[[ EXCERPTED DATA, beginning ]]

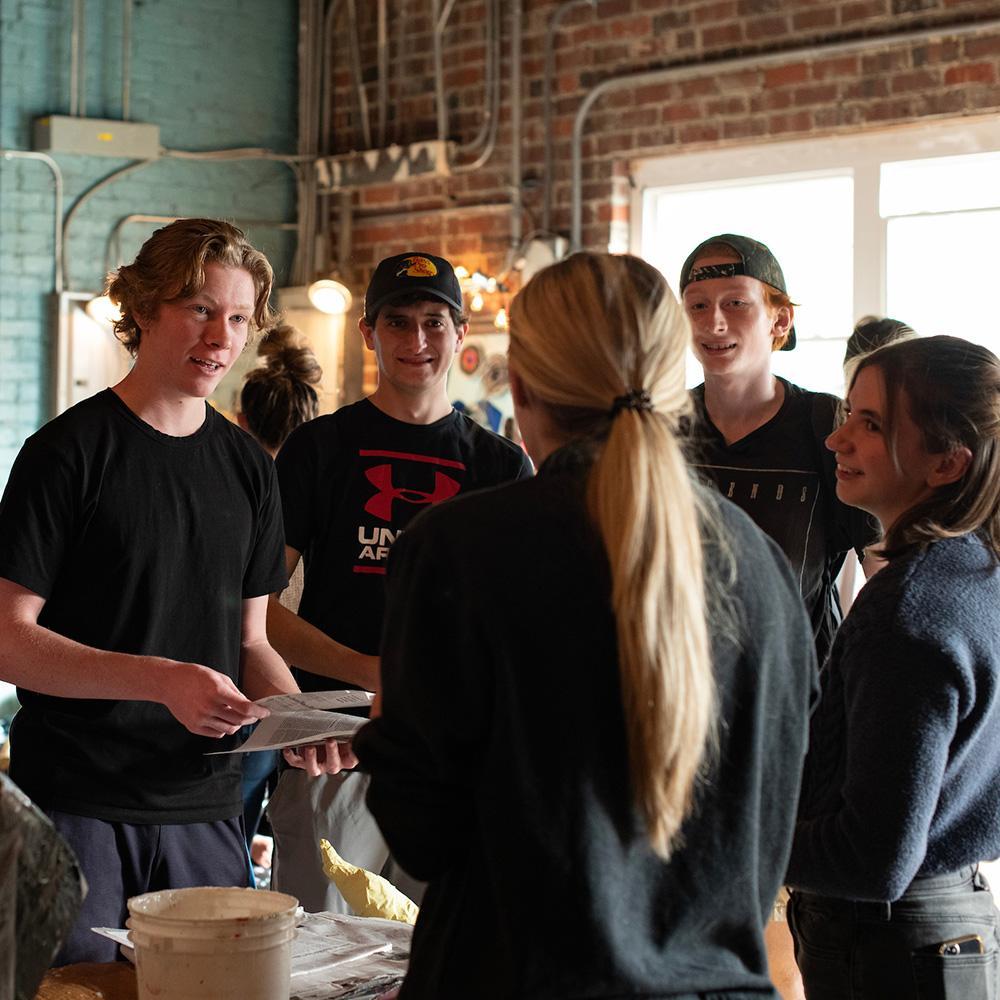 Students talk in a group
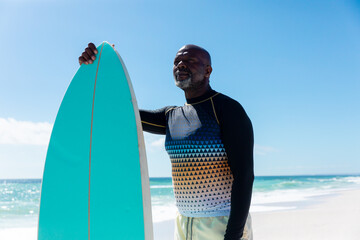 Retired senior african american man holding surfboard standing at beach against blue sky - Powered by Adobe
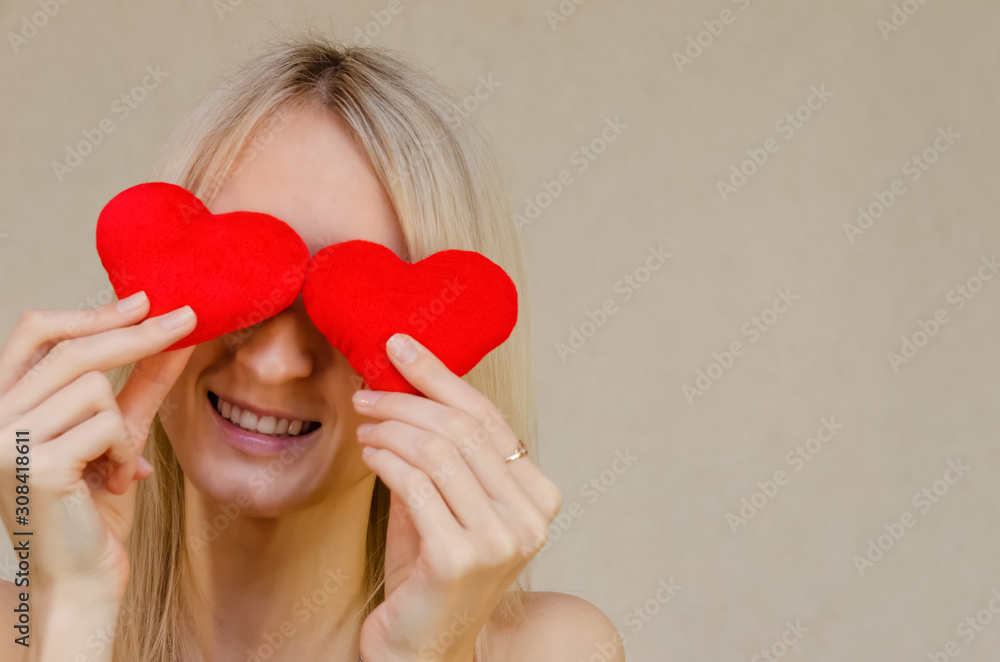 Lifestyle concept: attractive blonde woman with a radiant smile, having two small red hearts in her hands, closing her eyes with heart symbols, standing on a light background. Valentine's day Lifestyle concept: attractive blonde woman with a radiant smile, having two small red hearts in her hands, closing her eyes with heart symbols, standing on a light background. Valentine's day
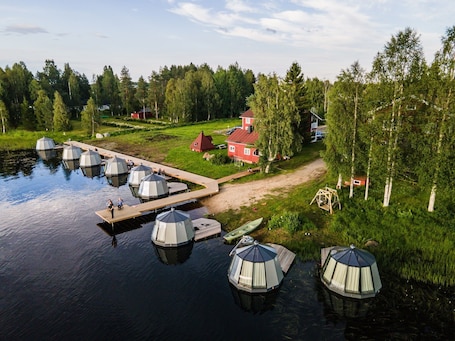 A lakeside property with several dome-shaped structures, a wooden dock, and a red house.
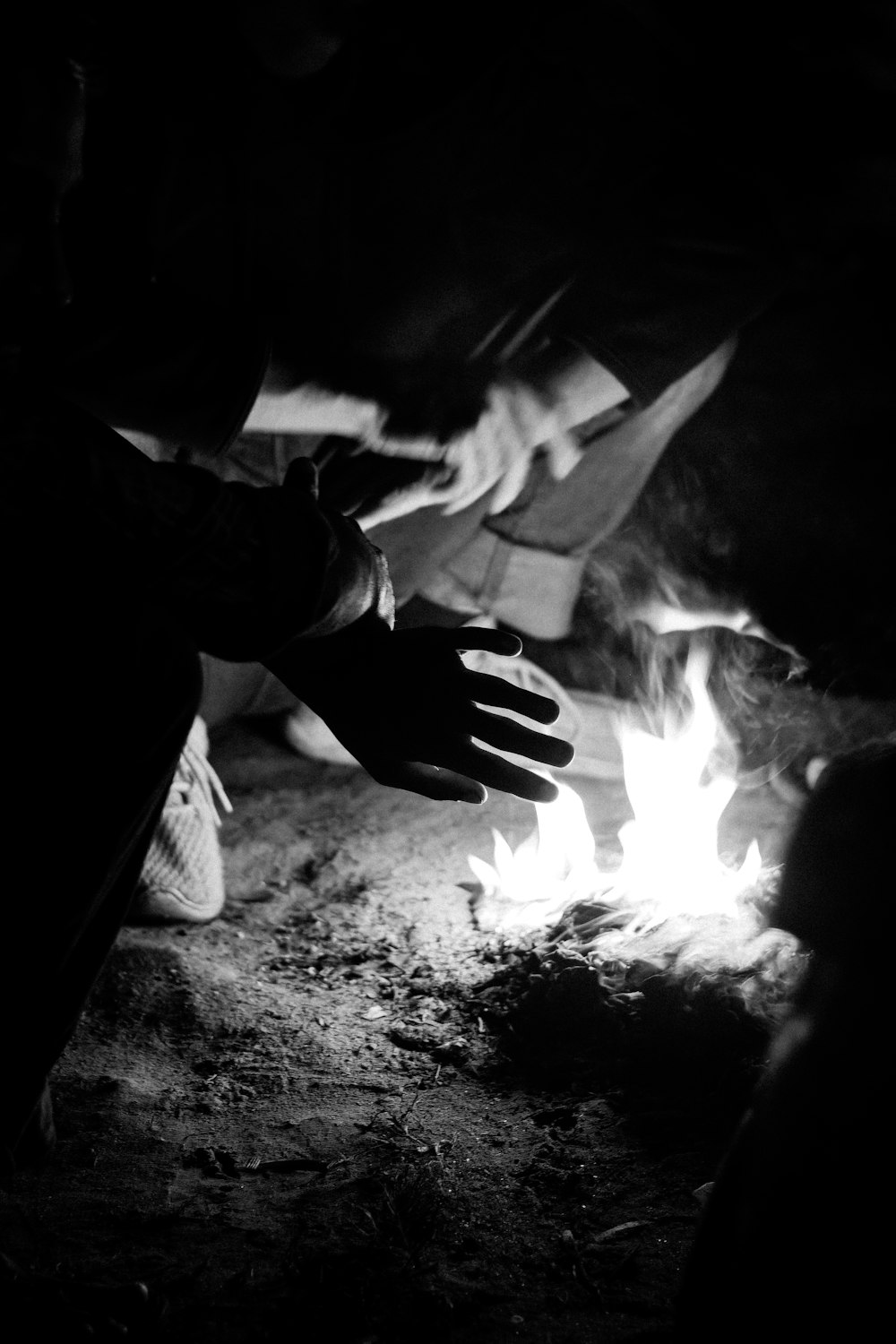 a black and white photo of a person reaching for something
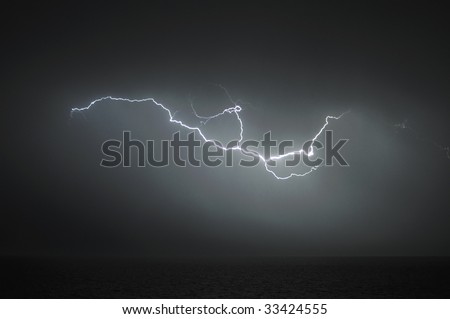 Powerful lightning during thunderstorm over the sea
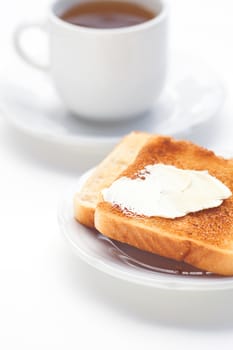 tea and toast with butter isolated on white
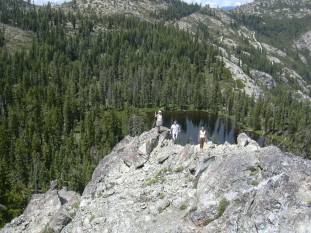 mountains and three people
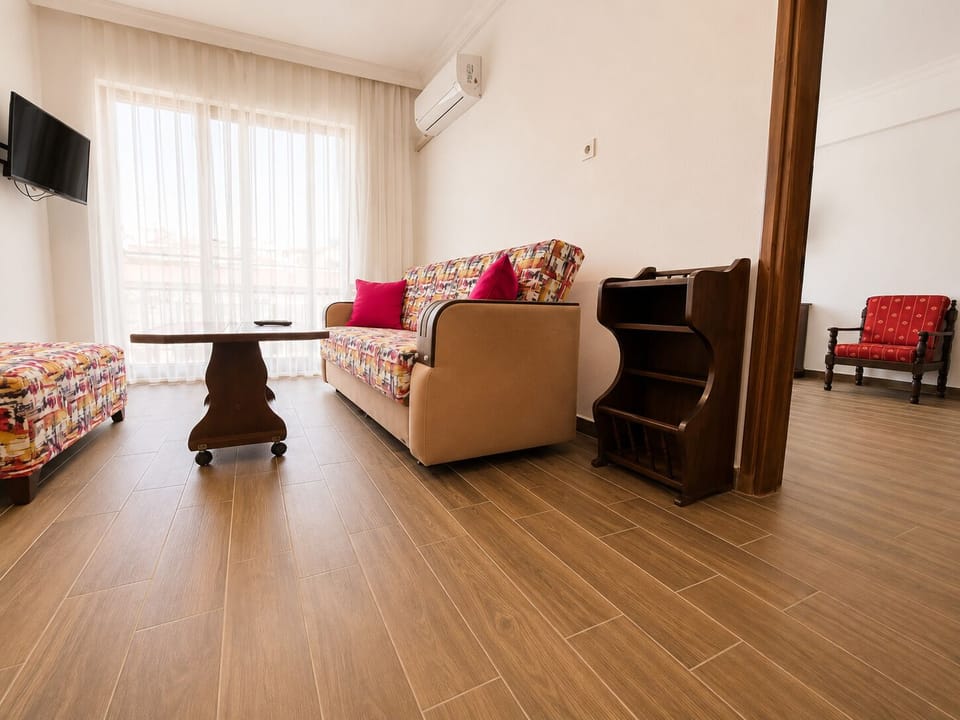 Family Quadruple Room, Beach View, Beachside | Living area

[[ EXCERPTED DATA, end ]]

> [TASK TO CARRY OUT]:
Both the line containing "mountains and three people" and the last line of the records above belong in the exact copy, along with every line between them; pictures do not.

> [FINAL ANSWER]:
 mountains and three people
 Family Quadruple Room, Beach View, Beachside | Living area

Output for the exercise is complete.